La scena, è delimitata da una quadratura bianca la cui parete di fondo ricorda un foglio stropicciato, chiaro riferimento alla natura epistolare del romanzo di Goethe cui Massenet si è ispirato, ed infatti nella scena della lettera sul fondale si materializzano le parole di Werther che rimarranno scolpite nel cuore di Charlotte. Altre proiezioni vengono utilizzate da Vizioli per sottolineare il romanticismo dell’opera: le venature di una foglia sfiorata da una mano, la luna che sorge, due volti che si baciano; immagini che ben si fondono con la musica riuscendo ad evitare il rischio dell’eccessivo didascalismo.
Ben gestita anche l’idea che tutto avvenga nella memoria di Charlotte, che appare ormai anziana a proscenio nel preludio del primo atto e che nel quarto atto, di nuovo invecchiata, rivive la morte di Werther come un ricordo, infatti lei in sedia a rotelle a proscenio e lui agonizzante sul letto non interagiscono mai, a sottolineare la distanza temporale. Una soluzione nel complesso efficace che suggella uno spettacolo apprezzabile e ben riuscito.

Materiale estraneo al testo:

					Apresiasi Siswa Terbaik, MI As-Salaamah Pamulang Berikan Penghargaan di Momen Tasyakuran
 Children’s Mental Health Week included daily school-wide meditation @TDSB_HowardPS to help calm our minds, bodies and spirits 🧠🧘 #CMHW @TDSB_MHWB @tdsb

Soddisfacente anche l’aspetto musicale che ha visto in Dmitry Korchak un Werther romantico ed appassionato, raffinato fraseggiatore in forza di un solido registro centrale ed acuti luminosi e ben proiettati. La tenuta vocale è impeccabile e l’interpretazione assolutamente credibile. Al suo fianco l’ottima Charlotte di Chiara Tirotta che ha sfoggiato un bel timbro brunito ed una solida linea di canto che le hanno consentito di costruire un personaggio sfaccettato e ricco di sfumature. Gëzim Myshketa ha dato voce ad un Albert nobile ed elegante, piegando il suo robusto mezzo vocale ad un canto sfumato, pur non rinunciando ad impeti passionali. Squillante e timbratissima la voce della brava Veronica Granatiero, interprete di una Sophie dalla vitalità contagiosa, mentre Youngjun Park è stato un Borgomastro autorevole.  Valide le prove di Gabriele Sagona (Johann), Matteo Mezzaro (Schmidt) e del Coro di voci bianche A.LI.VE. diretto da Paolo Facincani.
Alla testa dei complessi areniani Francesco Pasqualetti ha diretto con mano sicura mantenendo sempre saldo il filo della narrazione pur senza rinunciare a qualche abbandono romantico soprattutto nelle pagine sinfoniche.
Al termine applausi calorosissimi da parte di un Teatro Filarmonico purtroppo pieno solo in parte.